Однорукий продолжал спать или притворялся спящим. Впрочем, это не имело значения — если все случится, как было сказано, он проснется. Но даже если он не спит, ничто не заставит его заподозрить, что сотрясение земли и небес произошло по воле оборванца, который уже несколько дюжин дней тащит его куда-то, порой под страхом смерти, а порой взывая к забытой совести и отринутой вере. А если он все поймет, все равно Видящие указали на него, Видящие не ошибаются…

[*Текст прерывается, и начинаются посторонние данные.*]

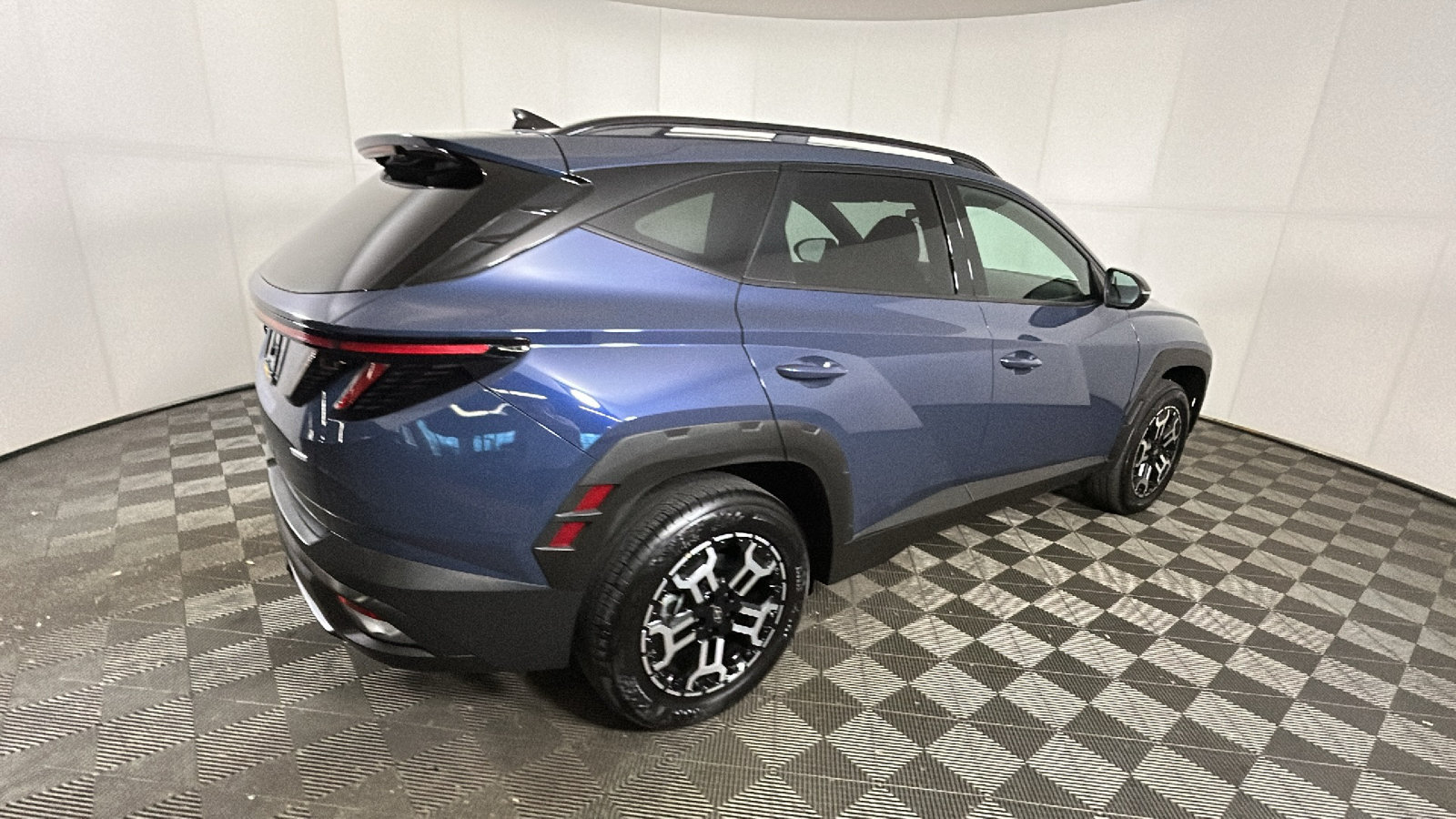 Certified 2026 Hyundai Tucson XRT AWD/4WD image 3
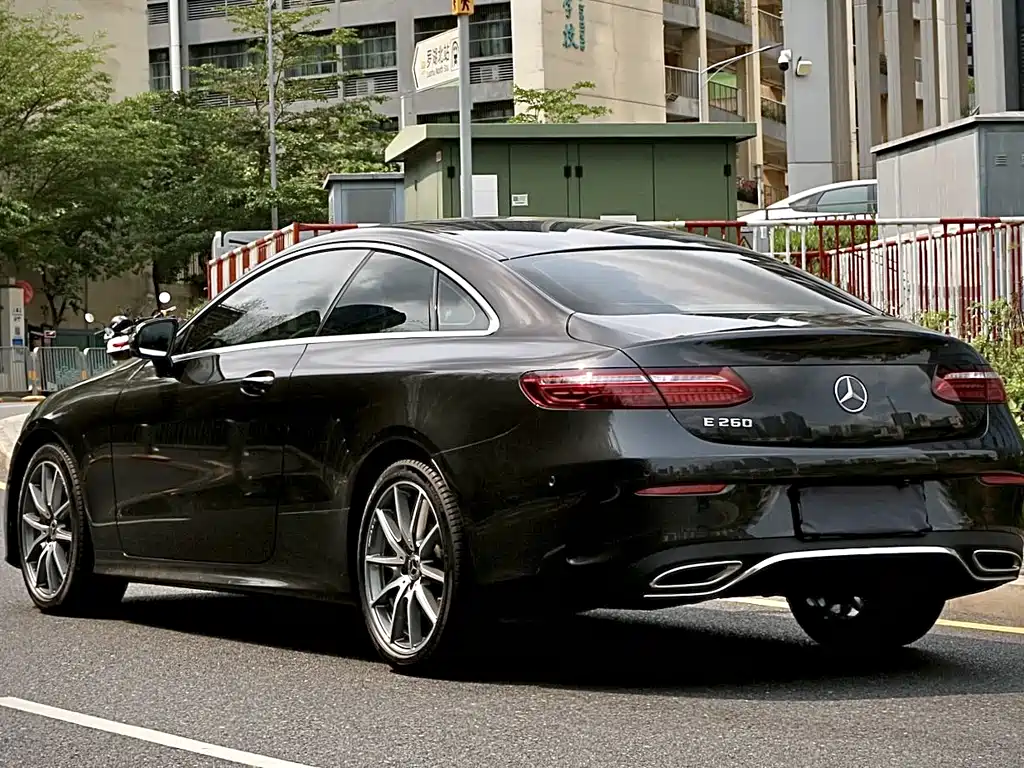 Mercedes-Benz E-Class E 2023 E 260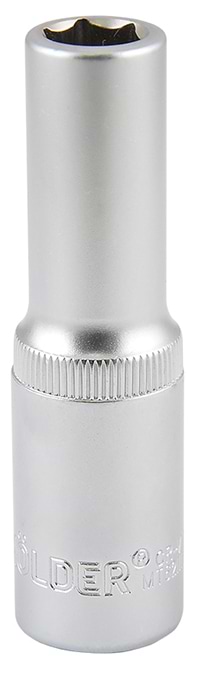 Торцева голівка Molder Cr-V 1/2x11 мм (MT62111)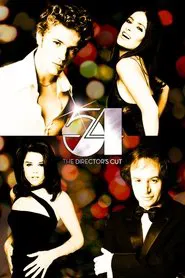 54: The Director's Cut movie poster
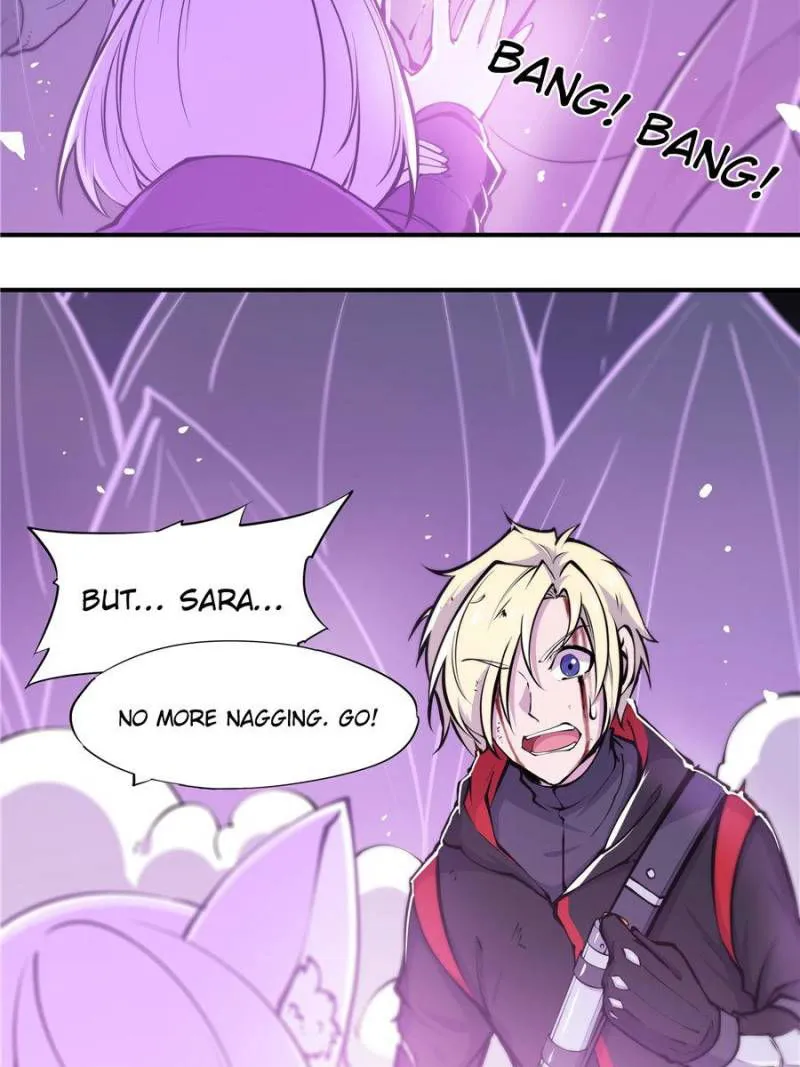 Vampires and Knight Chapter 38 Online - página 26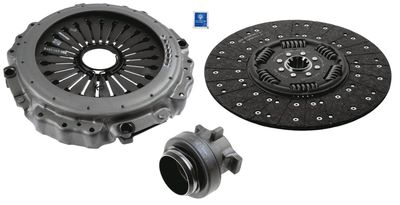 Clutch Kit SACHS 3400 700 489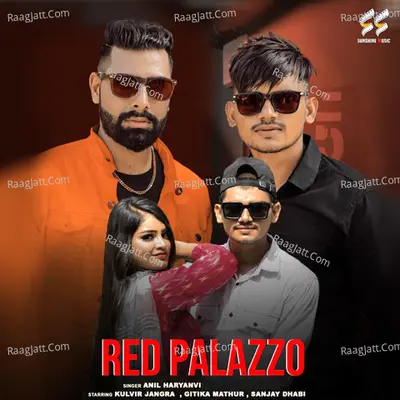 Red Palazzo Cover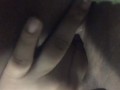 Thinking about that big dick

Гет негромко пропел первую строку и почувствовал, как странным волнением наполнилось окружающее пространство. Он пел Песнь Начала сотни раз, но никогда раньше она не сливалась со скрипом чахлого дерева, шелестом травы, треском цимбалов. Казалось, сама твердь под ним начала вздыматься в такт пенью. Какой-то хриплый вопль вторгся в стройный хор, и Гет краем глаза заметил, что Однорукий уже стоит на коленях, выпучив глаза и зажав себе рот. Песнь уже звучала сама по себе, и слабый голос Гета уже потонул в торжественных раскатах. Небо, на котором не было ни единого облака, полыхнуло, и он обнял землю, ощущая всем телом ее дрожь. Душа заметалась внутри, пытаясь вырваться на свободу, и в этот момент все стихло.
Однорукий, приблизился к нему, не поднимаясь с колен, и пал ниц, как будто перед ним был один из древних богов или могущественный дух из забытых легенд. Но Гет, казалось, не замечал его — он уже разминал пальцами кусок воска, торопясь закрыть узкое горло кувшинчика.